PT Dirgantara Indonesia (PTDI) dari Bandung kembali menunjukkan komitmennya dalam memperkuat alat utama sistem senjata (alutsista) Tentara Nasional Indonesia Angkatan Udara (TNI AU) dengan mengirimkan pesawat NC212i unit ketujuh. Pesawat angkut ringan multiguna ini telah tiba di Lanud Abdulrachman Saleh, Malang, melalui penerbangan feri yang dilaksanakan pada Rabu, 4 Desember 2025.
Pengiriman pesawat NC212i dengan nomor registrasi AX-2134 ini merupakan bagian dari kontrak pengadaan sembilan unit NC212i oleh Kementerian Pertahanan Republik Indonesia untuk TNI AU. Pesawat ini dikirimkan dalam konfigurasi Navigation Training (NavTrain), dirancang khusus untuk mendukung program pelatihan awak udara dan meningkatkan kemampuan pendidikan TNI AU. Kedatangannya diharapkan dapat memperkuat Skadron Udara 4 Wing 2 Lanud Abdulrachman Saleh sebagai platform pelatihan navigator generasi baru, menggantikan armada NavTrain lama yang telah beroperasi sejak tahun 1985.
Direktur Produksi PTDI, Dena Hendriana, menyampaikan rasa syukurnya atas kepercayaan yang diberikan Kementerian Pertahanan dan TNI AU kepada PTDI. Penerbangan feri yang sukses dari Bandung menuju Malang ini dipimpin oleh Mayor Pnb Kurniawan S. sebagai pilot in command dan Kapten Pnb Wahyu Nur Syarifudin sebagai kopilot.

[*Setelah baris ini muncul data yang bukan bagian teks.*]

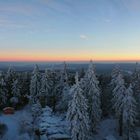 Ochsenkopf-Panorama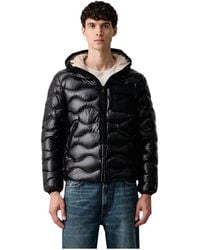 Blauer - Winter Jackets - Lyst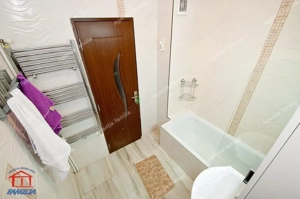 Inchiriem apartament cu 2 camere, aproape de Faleza in Mazepa 1 , bloc Alun. - imagine 6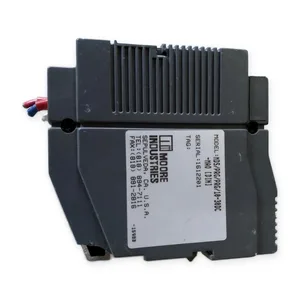 Moore Industries Station Distributed I/O Module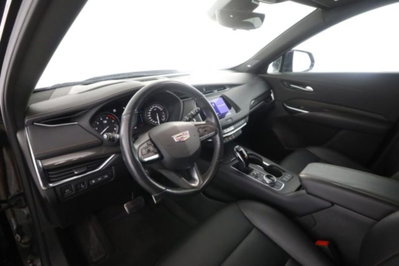Cadillac XT4 XT4 350 TD AWD Sport (9)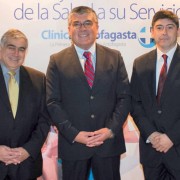 Cena Aniversario Clínica Antofagasta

Sebelum keberangkatan, pesawat telah menjalani inspeksi kelaikan udara oleh Indonesian Defence Airworthiness Authority (IDAA) pada 3 Desember 2025, memastikan standar kualitas dan operasional terpenuhi.
Pesawat NC212i konfigurasi NavTrain ini dilengkapi dengan fasilitas canggih, termasuk meja navigasi lengkap, panel instrumen khusus, kursi instruktur dan trainee, sistem komunikasi terintegrasi, serta perangkat navigasi mutakhir yang memungkinkan simulasi prosedur penerbangan langsung di udara. Fitur-fitur ini menjadikan NC212i NavTrain platform yang sangat efektif untuk meningkatkan kompetensi sumber daya manusia TNI AU, khususnya calon navigator dan kru misi, dalam menghadapi berbagai skenario operasi.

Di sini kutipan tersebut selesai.